* Brazil's weekend rain fails to quell concern over dryness

* CBOT corn trades near unchanged

* Wheat futures push higher on demand hopes

(Recasts with U.S. trading, adds analyst comments, updates prices, changes byline and dateline, previous PARIS/SINGAPORE)

CHICAGO, Nov 21 (Reuters) - U.S. soybean futures found support on Tuesday as Brazil's torrid, crop-threatening weather conditions remained a prime worry for the market, despite rains over the last couple of days.

Chicago Board of Trade wheat also rose, while corn was nearly flat.

The most-active soybean contract on the Chicago Board of Trade (CBOT) was up 0.15% at $13.69-1/4 a bushel at 11:10 a. CST (1710 GMT).

Rain during the last few days in Brazil, the top global soybean exporter, was not nearly enough to abate market worries regarding the potential that the long-term brutally hot weather will menace crops, analysts said.

"December could be a tough month again. We could go back to hot dry," said Ted Seifried, chief market strategist for Zaner Ag Hedge.

"Long-term forecasts can be tough to trust.

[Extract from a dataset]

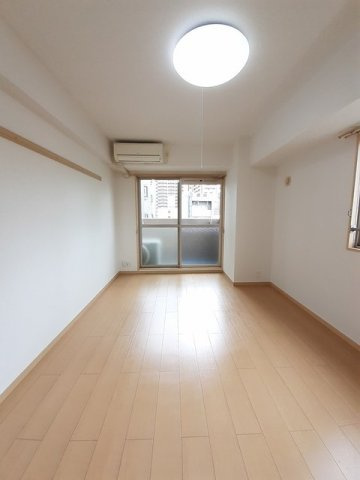 Ｍ＆Ｋ．ホープマンションの居間・リビング|おしゃれな居間です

But the concern is that they go back to hot and dry after this week."

Brazil's 2023/24 soybean planting had reached 68% of the expected area as of Thursday, the slowest progress for the period since 2019/20, agribusiness consultancy AgRural said.

The soybean market was also still reacting to the Sunday's presidential election in Argentina, the world's top soymeal and soyoil exporter. Producers may be taking a wait-and-see approach to how the country's President-elect Javier Milei will implement his libertarian agenda after he takes office on Dec. 10, analysts said.

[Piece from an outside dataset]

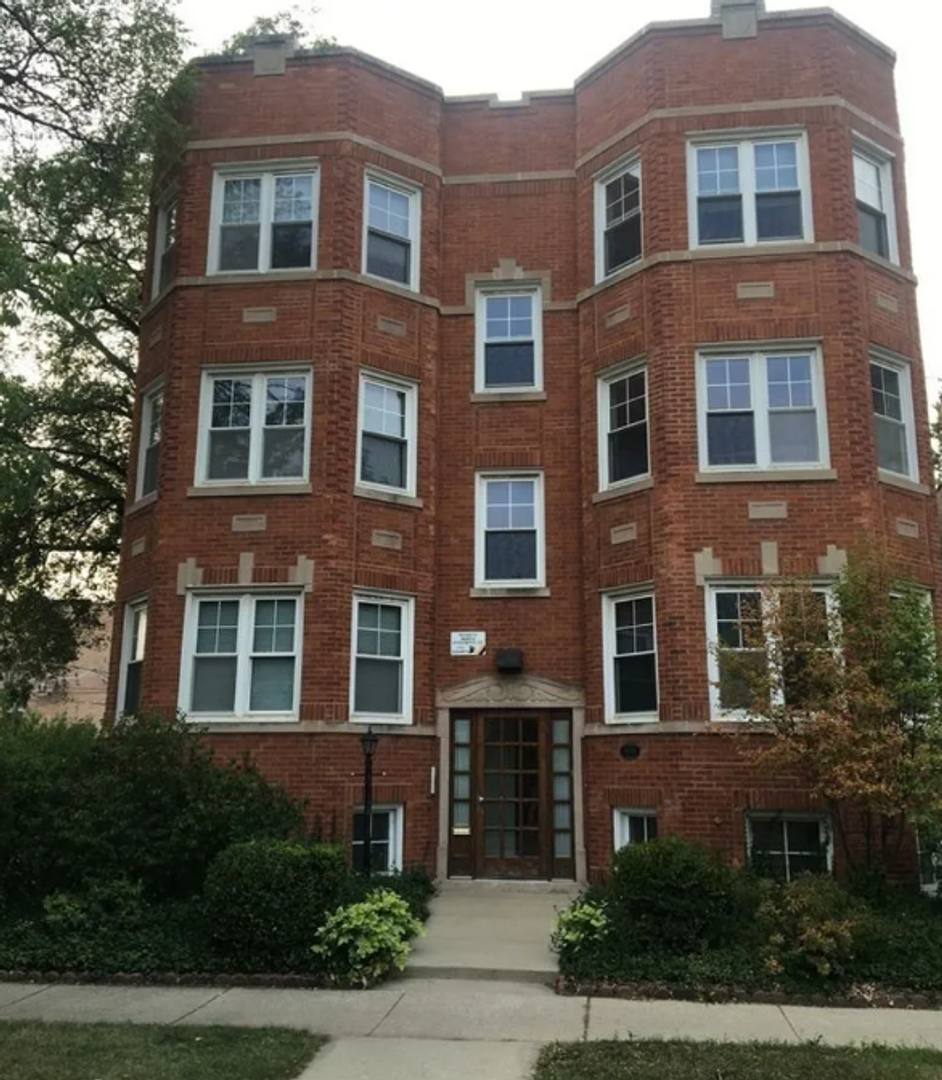Apartment for rent at 829-31 S Euclid Ave, Oak Park, IL 60304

"That likely means that Argentinian farmers aren't going to sell any sort of grain between now and that time. Short term, that's pretty bullish," Seifried said.

CBOT corn was down 1/2 cent to $4.69 and CBOT wheat was up 1.27% at $5.77-3/4 a bushel.

Wheat traders were watching to see if a recent decline in prices, fuelled by global export competition, will stir sizeable new demand after Tunisia and Jordan called import tenders for this week. (Reporting by Brendan O'Brien in Chicago. Additional reporting by Gus Trompiz in Paris and Naveen Thukral in Singapore; Editing by Aurora Ellis)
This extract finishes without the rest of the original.